Counting Lost Stars: A Novel

Written by Kim van Alkemade
Review by Linda Harris Sittig

This dual-time novel starts in 1960 New York City when aspiring college student Rita Klein finds herself pregnant. Sent to a home for unwed mothers, she is pressured into giving up her baby for adoption, then struggles with the guilt. A few weeks later she meets a young man, Jacob Nassy, who is also struggling with guilt from being separated from his mother in a Holocaust concentration camp as a child.

The story then switches to 1941 Holland. Young Cornelia Vogel is working as a punch card operator for the Ministry of Information, as the Nazis have started a census of all Dutch citizens. Cornelia soon learns the object of the census is to identify all Jewish citizens for deportation to labor camps. The machine she uses is the Hollerith – which will become the precursor to the computer technology that Rita Klein will study in college. And Cornelia cannot quit her job because of her father’s position in the Ministry.

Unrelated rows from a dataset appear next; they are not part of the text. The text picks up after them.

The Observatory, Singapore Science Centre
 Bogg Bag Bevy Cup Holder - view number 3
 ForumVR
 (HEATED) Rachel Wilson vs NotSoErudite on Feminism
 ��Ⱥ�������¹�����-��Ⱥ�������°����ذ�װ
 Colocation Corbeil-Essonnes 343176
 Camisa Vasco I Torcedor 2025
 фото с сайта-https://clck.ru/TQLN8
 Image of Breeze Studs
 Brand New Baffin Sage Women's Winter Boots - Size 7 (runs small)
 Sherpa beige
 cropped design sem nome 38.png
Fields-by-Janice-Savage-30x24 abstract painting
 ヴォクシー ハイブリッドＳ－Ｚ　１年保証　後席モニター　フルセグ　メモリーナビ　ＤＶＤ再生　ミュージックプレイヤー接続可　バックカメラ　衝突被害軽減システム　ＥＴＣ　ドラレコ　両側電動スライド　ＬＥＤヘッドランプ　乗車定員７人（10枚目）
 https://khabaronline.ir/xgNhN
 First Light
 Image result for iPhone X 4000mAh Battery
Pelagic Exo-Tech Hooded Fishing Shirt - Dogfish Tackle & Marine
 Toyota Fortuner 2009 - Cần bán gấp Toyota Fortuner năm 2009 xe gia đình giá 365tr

As the novel progresses, going back and forth through the two time periods, the two women’s lives eventually converge in an unexpected way. Rita attempts to use computer technology to try and discover what happened to Jacob’s mother but needs the old punch cards saved by Cornelia to obtain the data she needs.

This novel is well-paced, and the characters are very believable. Although the details are disturbing, I appreciated learning about how punch cards were used by the Nazis in WWII to track Jewish citizens. I did not find anything in the writing of this story that would have improved it. Highly recommended.